Tra tutte le scienze che l’umanità coltiva ce n’è una, l’astronomia, che colpisce per la facilità con cui è possibile avvicinarla.
È quasi di certo un motivo di fascino: per quanto possano essere belle e interessanti – per esempio – le amebe viste al microscopio, non saranno mai affascinanti quanto un cielo stellato d’estate o un’eclisse lunare ricco di sfumature o lo straordinario, preoccupato silenzio del mondo quando c’è un’eclisse di sole.
L’uomo è un essere romantico, e chissà se non è proprio questo sentimento a portarlo ad alzare la testa, la sera, alla ricerca di un po’di bellezza e di pace e magari anche ad insinuare nel suo animo la volontà di guardare oltre, di capire, di spiegare lo spettacolo che ogni sera lo sovrasta.

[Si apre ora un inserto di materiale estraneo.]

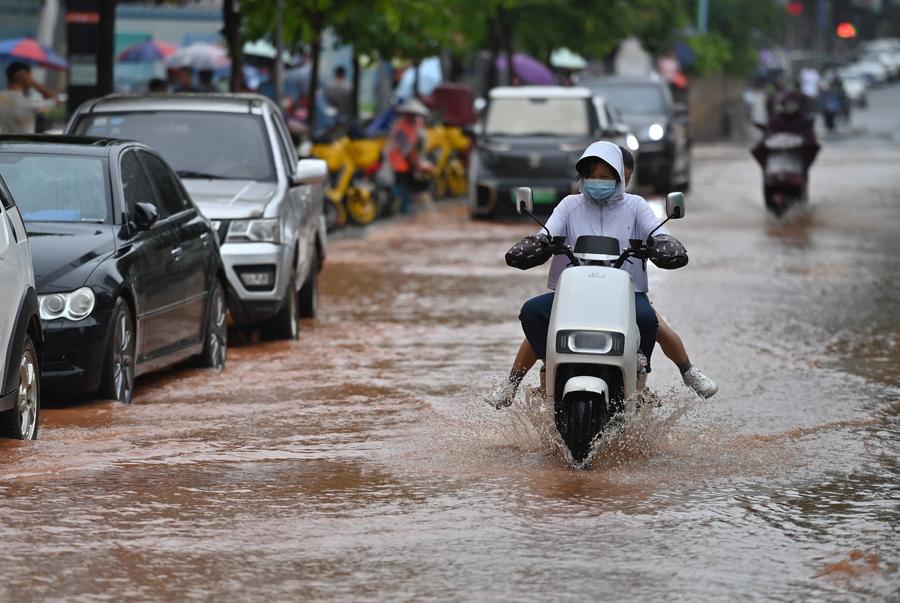 Des habitants en scooter électrique dans une rue inondée de Nanning, dans la région autonome Zhuang du Guangxi (sud de la Chine), le 8 mai 2024. (Photo : Zhou Hua)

E così, anno dopo anno, secolo dopo secolo in molti hanno alzato la testa, e non solo per cogliere la bellezza dell’universo!
Oggi sediamo sulle spalle di coloro che per primi hanno “letto” il cielo: i primi astronomi.
Tutta la fisica moderna si basa su uno studio sempre più approfondito e raffinato del cosmo, e l’astronomia ne è la porta principale per entrarvi in modo scientifico.
Un anno dedicato all’astronomia non è solo un riconoscimento alla volontà di Galileo nel quattrocentesimo anniversario delle sue osservazioni del cielo.
È un riconoscimento di cui ognuno di noi, di noi che abbiamo alzato gli occhi al cielo almeno una volta – anche solo per aprire la mente, dopo aver aperto il cuore –, deve sentirsi meritevole.
Meritevole, perché dobbiamo essere orgogliosi nel porci domande e nel tentare di trovare risposte sempre più complete e accurate.
Un anno dedicato all’astronomia sarà un successo se, al di là di manifestazioni, convegni o feste, riuscirà a far alzare la testa al cielo anche ad un uomo solo.